YOUR INSTRUCTIONS> Omit the pictures and reproduce the rest of the listing exactly.

(DATA SECTION)

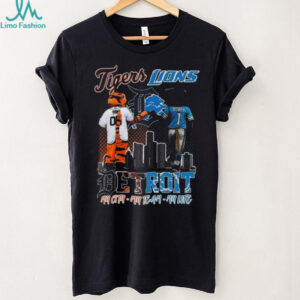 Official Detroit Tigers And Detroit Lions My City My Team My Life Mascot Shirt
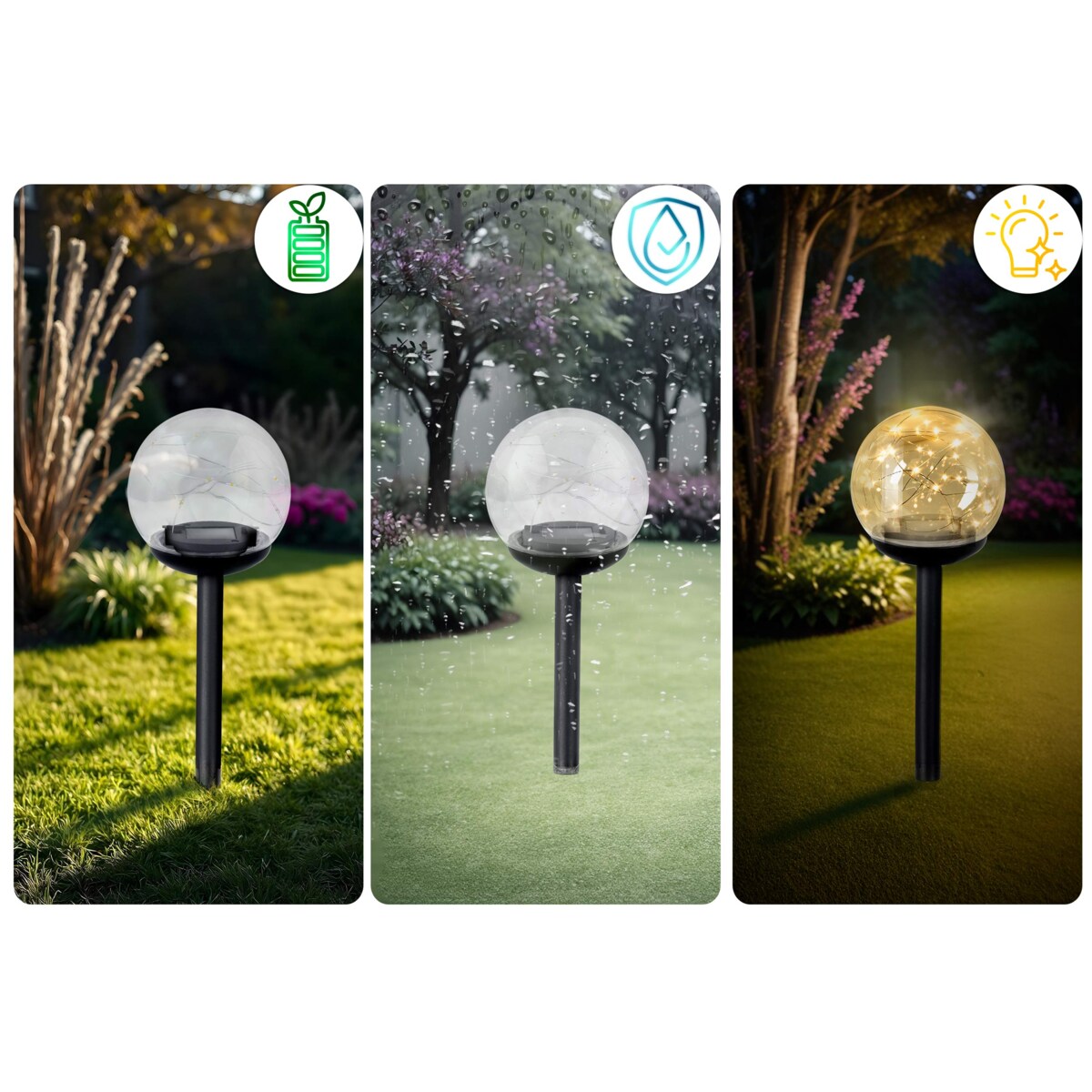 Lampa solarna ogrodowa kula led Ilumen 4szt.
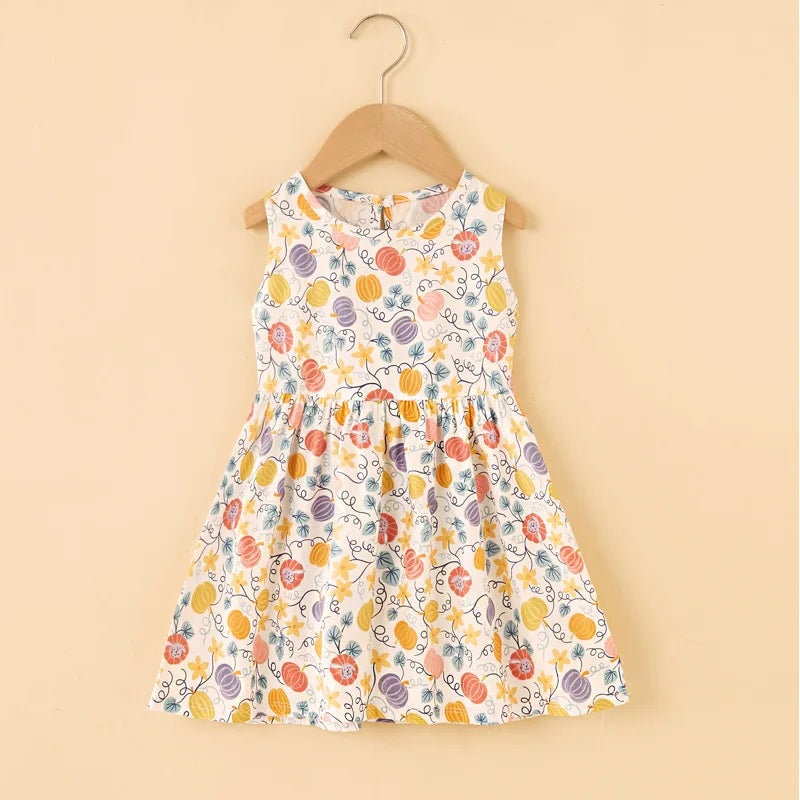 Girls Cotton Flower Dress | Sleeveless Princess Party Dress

(End DATA SECTION)

TASK SOLUTION>
 Official Detroit Tigers And Detroit Lions My City My Team My Life Mascot Shirt
 Lampa solarna ogrodowa kula led Ilumen 4szt.
 Girls Cotton Flower Dress | Sleeveless Princess Party Dress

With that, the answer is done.